- [WHAT TO PRODUCE] Please retype, word for word, the line containing "iPhone 11 64GB Violet" and every line after it through the end of the records, leaving out all pictures.

- [DATA FOR ANALYSIS]
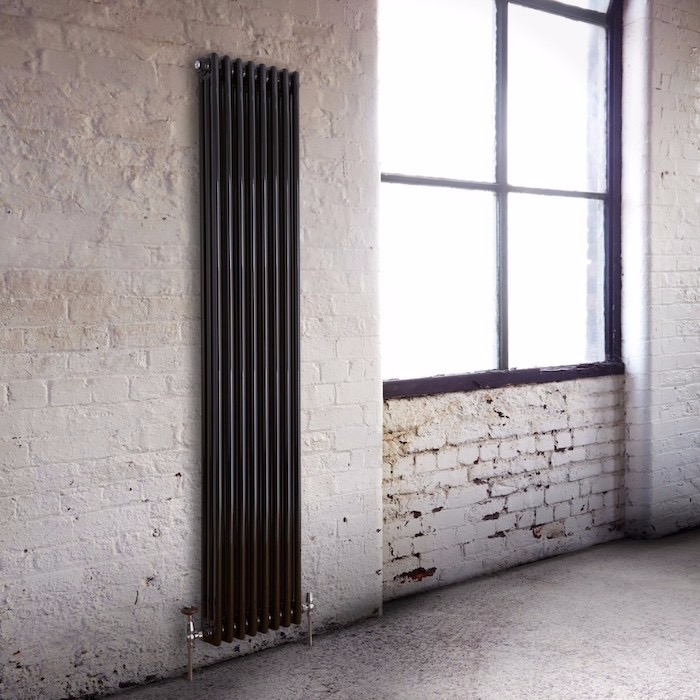 Вертикальный стальной трубчатый черный радиатор для квартиры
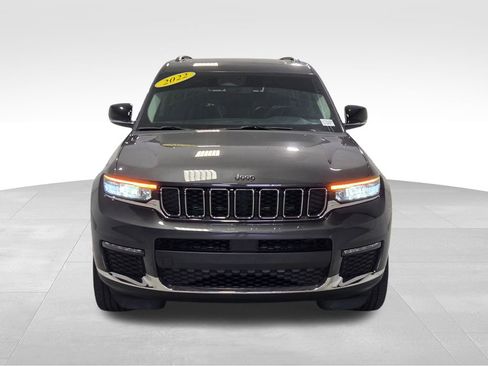 Used 2022 Jeep Grand Cherokee L Limited image 9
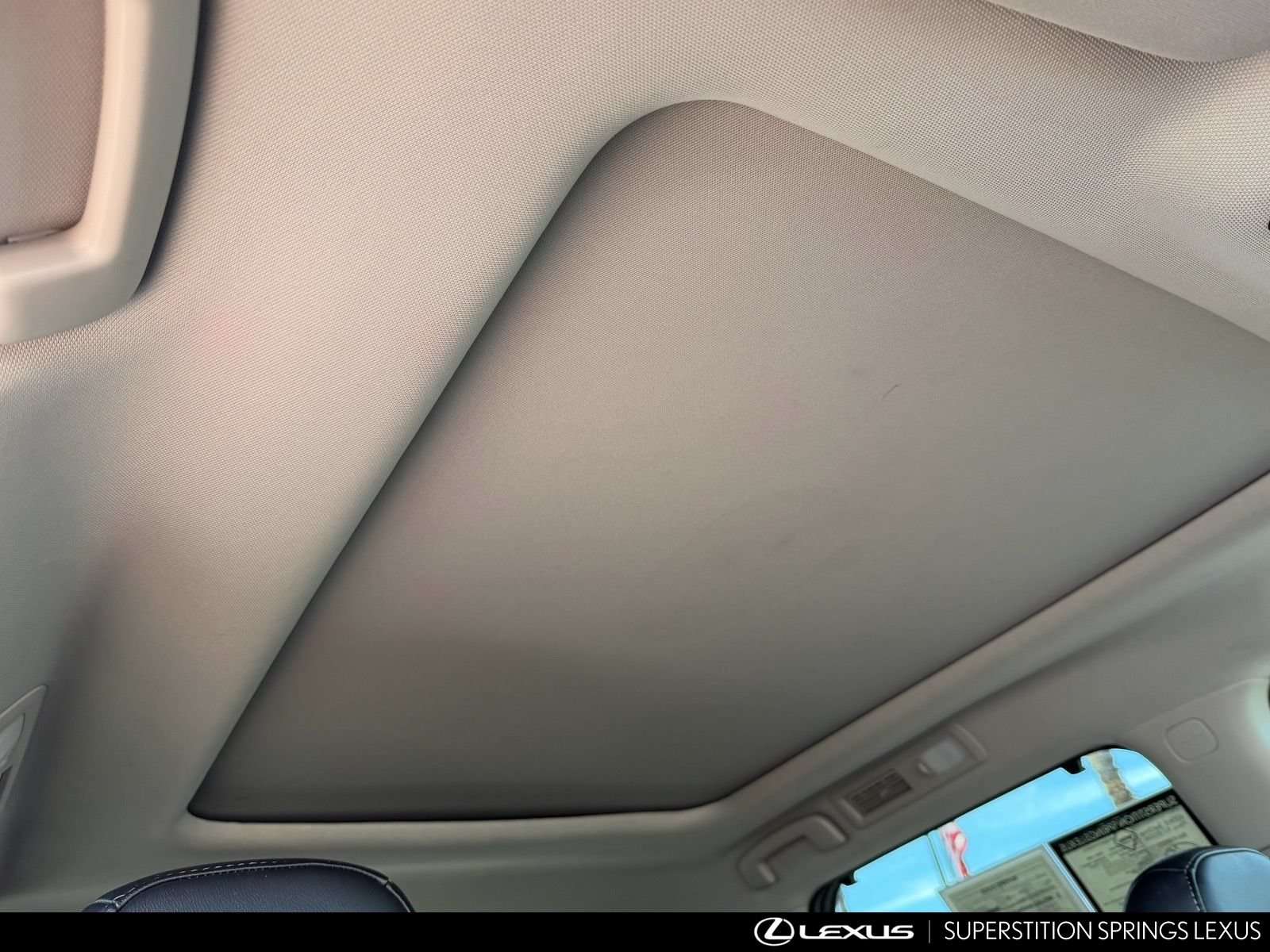 Used 2024 Nissan Pathfinder SL w/ SL Premium Package FWD image 11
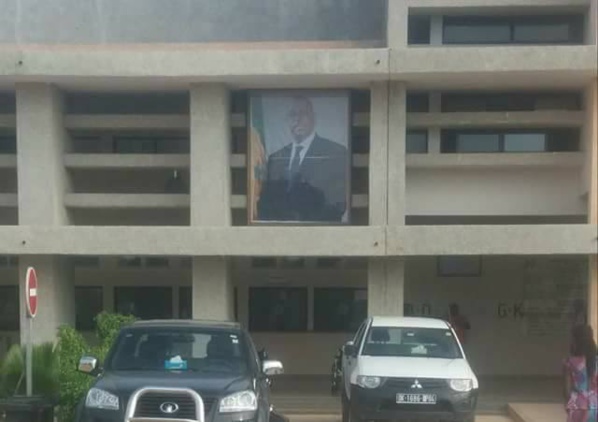 La photo du Président Macky Sall devant l’hôpital Dalal Jamm, indigne les facebookeurs La photo du Président Macky Sall devant l’hôpital Dalal Jamm, indigne les facebookeurs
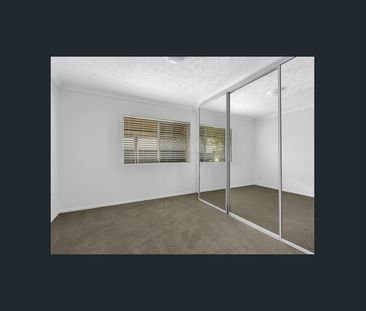 Modern & Convenient 2-Bedroom Unit in the Heart of Nundah! - Photo 2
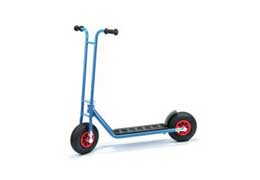 Trottinettes et patinettes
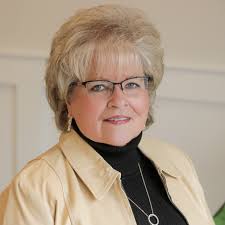 Candy Meyers, LA Plata, MD Real Estate Associate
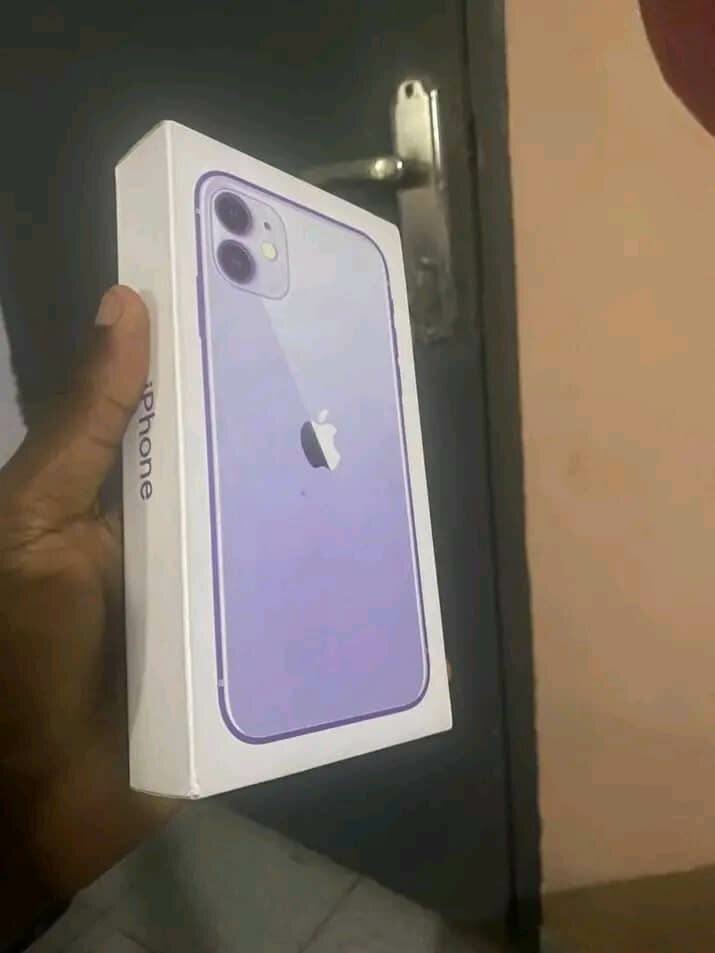 iPhone 11 64GB Violet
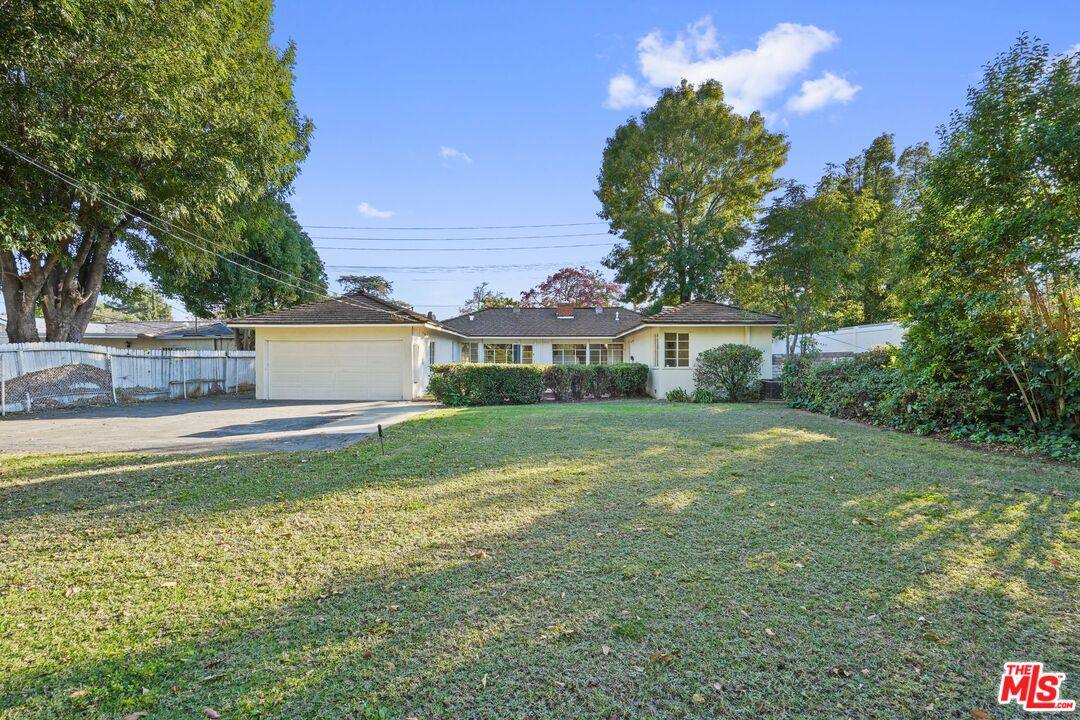 Apartment for rent at 15471 Victory Blvd, Van Nuys, CA 91406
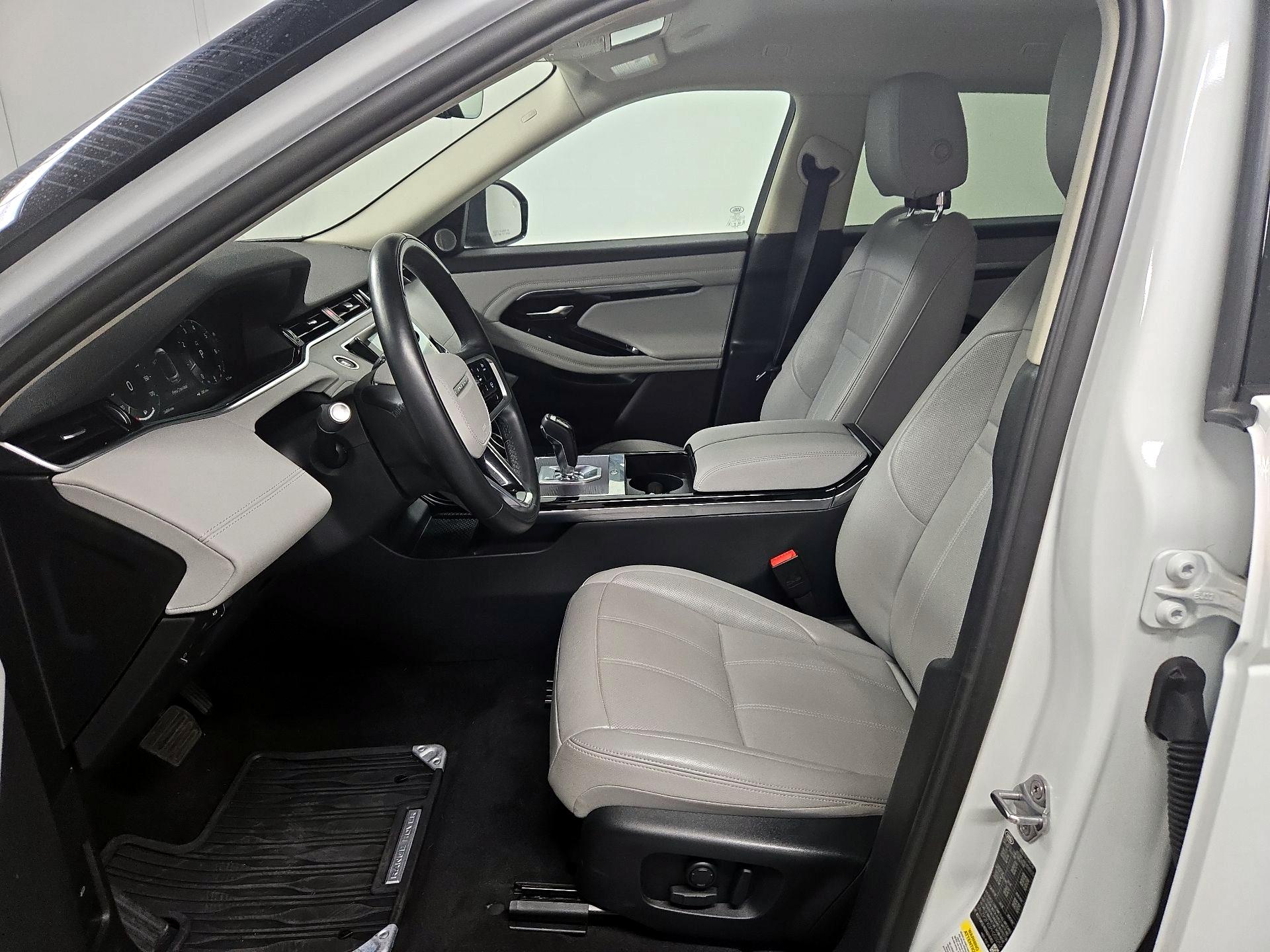 Thumbnail: 2023 Land Rover Range Rover Evoque - 11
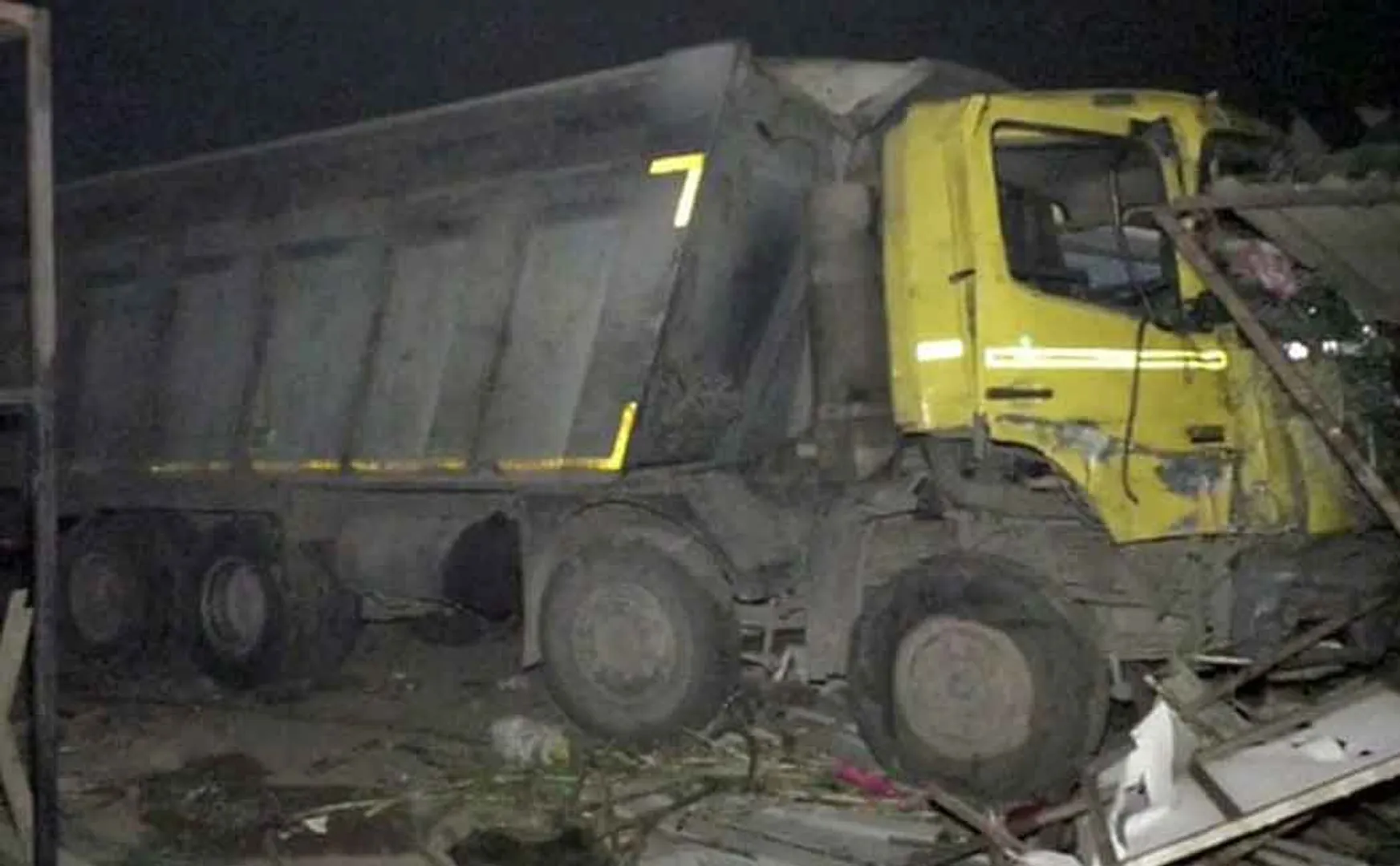 15 passes away in Gujarat road accident ... PM Modi condoles ..!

- [COMPLETED TASK]
 iPhone 11 64GB Violet
 Apartment for rent at 15471 Victory Blvd, Van Nuys, CA 91406
 Thumbnail: 2023 Land Rover Range Rover Evoque - 11
 15 passes away in Gujarat road accident ... PM Modi condoles ..!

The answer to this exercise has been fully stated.